Lex Spoon lex at cc.gatech.edu
Tue Jul 15 14:13:30 UTC 2003



> remember that just because something is extendible doesn't mean that it
> *will* be changed all the time. EMACS is very extendible, but the
> important keybindings are so fixed other systems can have an "emacs key
> bindings" extension without embarrassing themselves...


These all sound like good strategies.  It makes sense to put
menu-extension registries in hand-chosen places within the menus, and it
makes sense to have key-binding policies so that users and applications
don't step on each other.  (Though IME this is also a way to blame the
user, because users will want to customize the same prime keystrokes
that apps will!)

I still don't get the keystrokes case in particular.  Clearly there is a
desire, from all the smart people who want it, but maybe we can do
better by simply improving the standard keymap?

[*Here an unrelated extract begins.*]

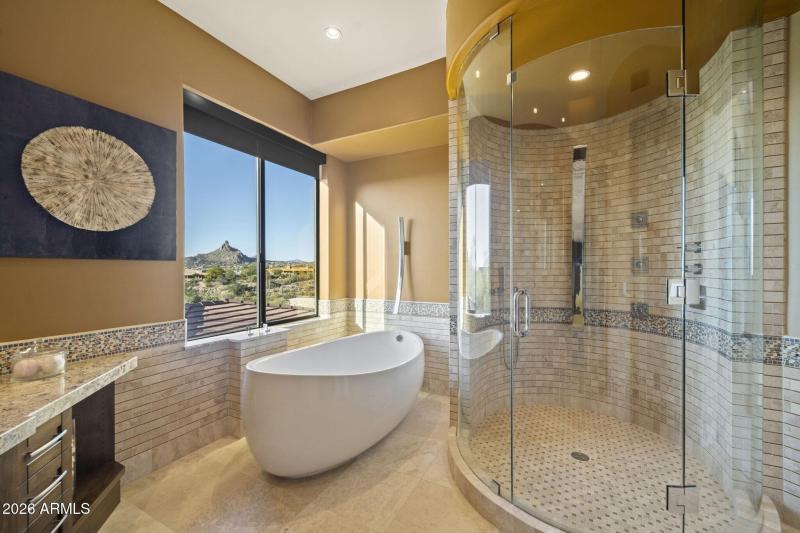 036_Guest Bedroom 1 Bathroom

Honestly, is Johhny Kidd going to download Squeak and start messing with
the key layout?  What about Fred McEducator?  Maybe university students
will want to do it on occasion, if they are bored.  For CS researchers,
maybe as many as 1/10 will want to do it, and that's the top percentage
in a small group.  Can you imagine if the Macintosh had shipped and the
welcome screen invited users to arrange their key combinations?


Oh well.  I guess I'm now waiting for someone to propose that the menus
be customizable.  Can't decide whether an item should go in "help" or
"debug" ?  Aww, who cares, ship it randomly and let the user fix it up. 
Call it the ultimate in personalization.  It's a feature.